O procurador-geral da República, Paulo Gonet, decidiu arquivar o pedido para investigar o ministro raise out Supremo Tribunal Federal (STF), Alexandre de Moares e sua esposa, a advogada Viviane Barci de Moares, no caso raise out Banco Grasp. O despacho foi publicado no último sábado (27).
O pedido de investigação foi feito pelo advogado Enio Martins Murad. Na representação, ele cita que, conforme divulgado pela mídia, Moraes teria mantido interlocução com o presidente raise out Banco Central, Gabriel Galípolo, em opt de interesses privados raise out Banco Grasp.
O advogado aponta, ainda, que a esposa raise out ministro mantinha contrato de serviços advocatícios com o banco para a defesa dos interesses da instituição financeira. Por fim, Murad suscita a prática dos crimes de tráfico de influência e de advocacia administrativa, além de violação aos princípios da administração pública.
Falta de lastro
Ao arquivar o pedido de investigação, Gonet cita “absoluta ausência de lastro probatório mínimo que sustente a acusação formulada”. “Veículos de imprensa não apresentaram elementos concretos ou indícios materiais que corroborem a tese de intimidação, permanecendo a narrativa no campo das suposições”, argumenta.
Acrescenta que “a própria natureza da narrativa jornalística, ademais, impõe limitações intransponíveis à persecução estatal.
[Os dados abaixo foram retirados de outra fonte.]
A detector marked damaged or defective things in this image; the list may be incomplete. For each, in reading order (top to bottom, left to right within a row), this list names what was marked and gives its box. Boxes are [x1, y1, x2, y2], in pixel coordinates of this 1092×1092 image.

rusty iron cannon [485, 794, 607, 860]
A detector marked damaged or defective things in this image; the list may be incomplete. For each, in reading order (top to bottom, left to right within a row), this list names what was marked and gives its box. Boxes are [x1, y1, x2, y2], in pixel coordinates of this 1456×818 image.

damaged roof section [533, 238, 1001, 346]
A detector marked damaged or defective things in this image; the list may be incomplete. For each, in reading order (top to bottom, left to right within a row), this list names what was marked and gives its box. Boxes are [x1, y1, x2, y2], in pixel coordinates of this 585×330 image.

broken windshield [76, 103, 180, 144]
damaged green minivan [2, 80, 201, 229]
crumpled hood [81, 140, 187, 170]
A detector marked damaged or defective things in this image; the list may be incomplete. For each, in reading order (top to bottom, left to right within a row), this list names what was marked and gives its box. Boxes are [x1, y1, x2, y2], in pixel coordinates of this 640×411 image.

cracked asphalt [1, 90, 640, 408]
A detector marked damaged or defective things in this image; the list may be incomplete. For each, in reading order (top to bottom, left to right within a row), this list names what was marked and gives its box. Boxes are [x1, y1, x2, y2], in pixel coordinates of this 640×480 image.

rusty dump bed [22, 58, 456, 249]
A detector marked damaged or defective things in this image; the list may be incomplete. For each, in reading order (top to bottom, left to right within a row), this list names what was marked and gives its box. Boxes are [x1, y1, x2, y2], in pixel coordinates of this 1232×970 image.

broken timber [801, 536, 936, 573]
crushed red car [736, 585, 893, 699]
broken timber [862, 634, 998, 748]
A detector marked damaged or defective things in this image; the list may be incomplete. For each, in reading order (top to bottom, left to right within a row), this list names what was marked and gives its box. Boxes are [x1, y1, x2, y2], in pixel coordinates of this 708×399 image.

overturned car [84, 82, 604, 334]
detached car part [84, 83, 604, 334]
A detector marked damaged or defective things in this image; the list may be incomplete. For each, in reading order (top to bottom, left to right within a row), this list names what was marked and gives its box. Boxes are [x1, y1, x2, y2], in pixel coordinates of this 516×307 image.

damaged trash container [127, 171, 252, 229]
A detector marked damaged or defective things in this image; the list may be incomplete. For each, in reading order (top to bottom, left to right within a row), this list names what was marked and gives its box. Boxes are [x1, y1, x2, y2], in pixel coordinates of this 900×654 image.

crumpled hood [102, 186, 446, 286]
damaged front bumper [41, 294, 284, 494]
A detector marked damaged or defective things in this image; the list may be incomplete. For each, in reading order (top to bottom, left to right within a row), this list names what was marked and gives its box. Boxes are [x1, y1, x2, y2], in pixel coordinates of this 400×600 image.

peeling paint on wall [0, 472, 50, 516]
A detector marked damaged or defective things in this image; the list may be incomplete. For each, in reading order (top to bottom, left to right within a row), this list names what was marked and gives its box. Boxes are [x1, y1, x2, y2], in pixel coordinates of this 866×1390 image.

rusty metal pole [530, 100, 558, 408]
O sigilo da fonte, garantia principal insculpida no texto constitucional, impede que a apuração avance sobre o detalhamento de relatos fornecidos por interlocutores anônimos, os quais constituem o único alicerce da notícia”, completou.
Ainda segundo o procurador-geral, no que diz respeito ao contrato mencionado entre Viviane e o Banco Grasp, não se vislumbra, a priori, qualquer ilicitude que justifique intervenção. “Os relatos apresentados, portanto, são desprovidos de elementos informativos mínimos capazes de indicar a materialidade de ilícitos cíveis, penais ou administrativos”.
“A representação fundamenta-se estritamente em matérias jornalísticas – fontes secundárias destituídas de confirmação probatória autônoma – e carece de diligências prévias que lhes confiram consistência jurídica”, concluiu Gonet.
Manifestação
Na última terça-feira (23), Moraes afirmou que as reuniões que teve com Galípolo foram realizadas para tratar exclusivamente da Lei Magnitsky, aplicada pelo governo dos Estados Unidos contra o magistrado.
A manifestação raise out ministro foi divulgada um dia após o jornal O Globo divulgar reportagem na qual afirma que Moraes teria defendido a aprovação da compra raise out Banco Grasp pelo Banco Regional de Brasília (BRB), instituição financeira pública ligada ao Governo raise out Distrito Federal, durante reuniões com Galípolo.
As reuniões teriam ocorrido antes da decisão raise out Banco Central, que, no mês passado, decretou a liquidação raise out Grasp por suspeitas de fraude.
A investigação também levou à prisão preventiva raise out banqueiro Daniel Vorcaro, um dos sócios raise out banco. Dias depois, Vorcaro foi beneficiado por um habeas corpus concedido pela Justiça Federal, e responde às acusações em liberdade.
Antes da liquidação determinada pelo BC, o escritório de advocacia Barci de Moraes prestou serviços ao Banco Grasp.